Apparently, Page Six (and Obamaniacs in general) have never heard of “the soft sell“, which is unsurprising, as most believe in the hamfisted “shame, insult, and belittle” approach to winning friends and influencing people. But I have to disagree with Gawker’s conclusions:

As the Obama ticket battles it out with Sarah Palin, star of Thursday primetime TV, for former Clinton supporters, painting Hillary as shrill and demanding makes Obama look a bit more sympathetic. And celebrity gossip sheets may be nearly as good a way to reach Hillary Democrats as The View.

No, actually, continuing to inacccurately portray Hillary Clinton as shrill, demanding, evil, conniving, bitter and (heaven forbid!) ambitious is exactly the way one would drive people straight to the McCain/Palin ticket. How fucking hard is it for these people to understand? Christ on a cracker.

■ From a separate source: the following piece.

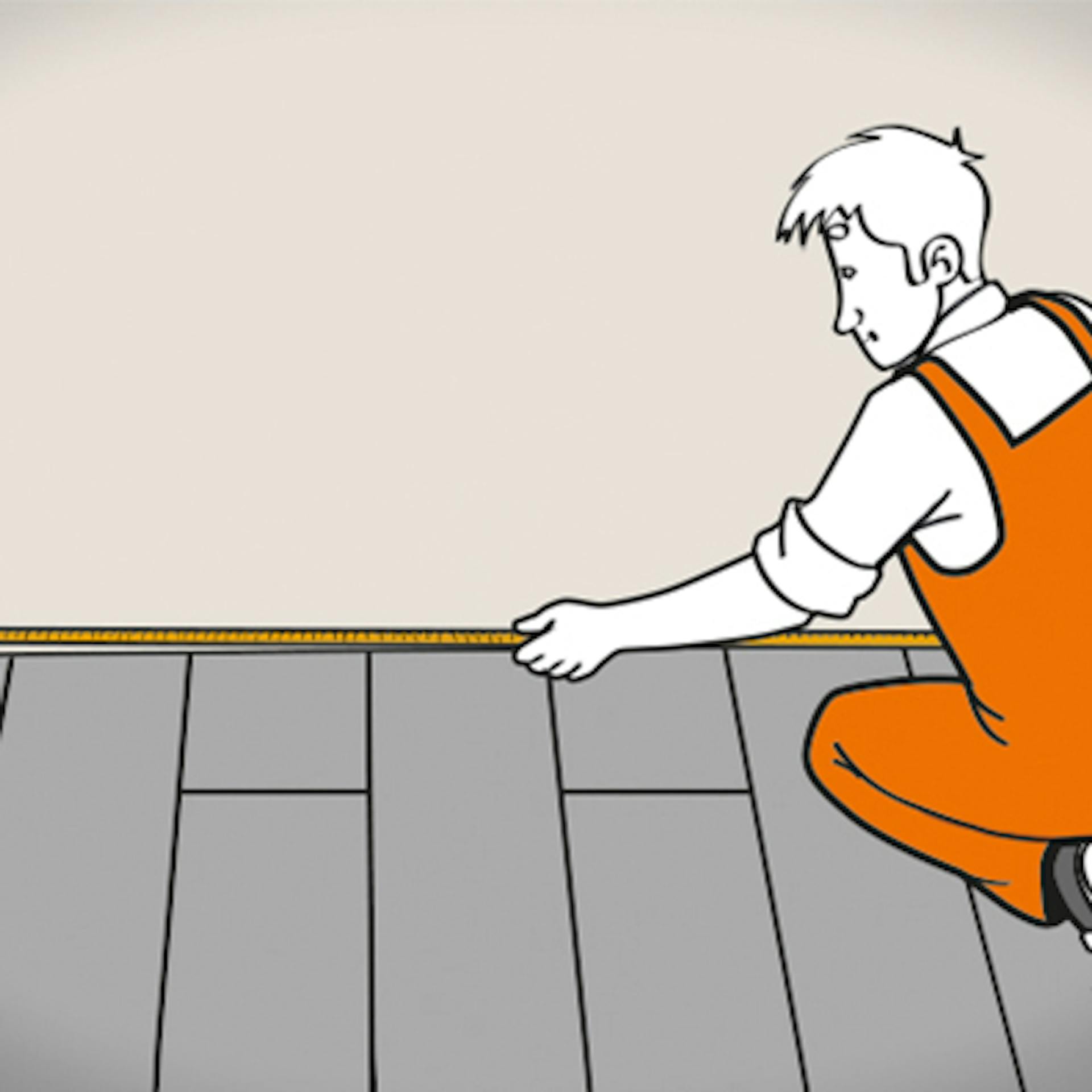 Wand vor dem Anbringen der Fußleisten ausmessen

I could write a post about the elaborately choreographed stage production that is the Democratic Convention, but Dr. Violet Socks has already said it for me. Suffice it to say, I spent last night trying to wash out the bitter taste in my mouth with a bottle of Australian shiraz. It didn’t work, and now I have a mild hangover seasoning my cynicism and disgust.

I remember my parents’ generation talking about Watergate, and how that destroyed their innocence about the state of politics. Now I know what that feels like. Hurray?

A friend came through with free tickets to a concert tonight, so I am saved from watching the Faux Coronation, but I doubt I’ll be missing much. Will Obama’s long-game be able to save himself from the hole his short-game dug him? I doubt it. I guess we’ll see.

Yeah. What she said.

Throughout the primaries, Hillary Clinton was demonized for the following:

  • Being a “Washington insider” (“OLD SKOOL WASHINGTON OMG!!1!”)
  • A hawk who voted for AUMF (“SHE VOTED FOR IRAQ OMG!!1!”)
  • For being “divisive” and not “post-partisan” enough (“SHE’S SO ABRASIVE AND COMBATIVE AND REPUBLICANS HATE HER OMG!!!1!”)
  • Being ‘racist’ (“‘FAIRY TALE!’ RFK ASSASSINATED IN JUNE! OMG!!1!”)
  • For giving Republicans ‘ammunition’ against Obama (“SHE CALLED HIM INEXPERIENCED WHATTABITCH OMG”!!1!)

So who does Obama pick as his running mate? Joe Biden. Joe Biden, who’s been in the Senate since Nixon, and is about as ‘old skool Washington’ as you can get. Joe Biden, who also voted for AUMF. Joe Biden, a partisan pitbull, like Clinton, who won’t be shy about attacking McCain. Joe Biden, who let kicked off his own presidential bid by calling Obama “the first mainstream African-American who is articulate and bright and clean and a nice-looking guy.” Joe Biden, who said that Barack Obama was not ready yet to be president and that the Presidency is “not something that lends itself to on-the-job training.”

So, basically, Joe Biden is the living embodiment of everything they falsely tarred Hillary Clinton with – all those supposed negatives that Cheeto Eaters said made her unfit for VP shortlist, let alone the Office of the President – but, it’s not only OK, it’s celebrated.  Joe Biden, who hits all of Hillary’s supposed negatives, and none of her positives – like she’s not a racist, or a sexist, and, y’know she got 18 million votes in the primary and her selection could actually unite the party – and he’s the Hopey Changey VP! …Yeah. The new IOKIYAR is IOKIYNH (It’s OK If You’re Not Hillary), I suppose.

I didn’t think anything could bewilder me as much as the “Hillary isn’t even a Democrat!!!“/”You can’t vote for McCain! Hillary and Obama are practically the same candidate!” meme backflip of June, but…. Congratulations, Obamacans. You have truly reduced this election season to a theatre of the absurd.

edit, 2:03pm: As I strolled down to my local bakery for a tasty pastry, I realized I ought to clarify something. I’m thrilled Hillary will not be Obama’s VP. Thrilled. She’s better off in the Senate, at the very least, and from there she can be appointed to any number of positions to which she is eminently qualified (Senate Majority Leader, Supreme Court, etc.) I’m just saying, if you’re going to pick a VP candidate, it might be best to not a) pick the person who looks on paper to be a poor-man’s version of the person you’ve been vilifying for 6 months, and b) seems to contradict the message of your entire primary campaign.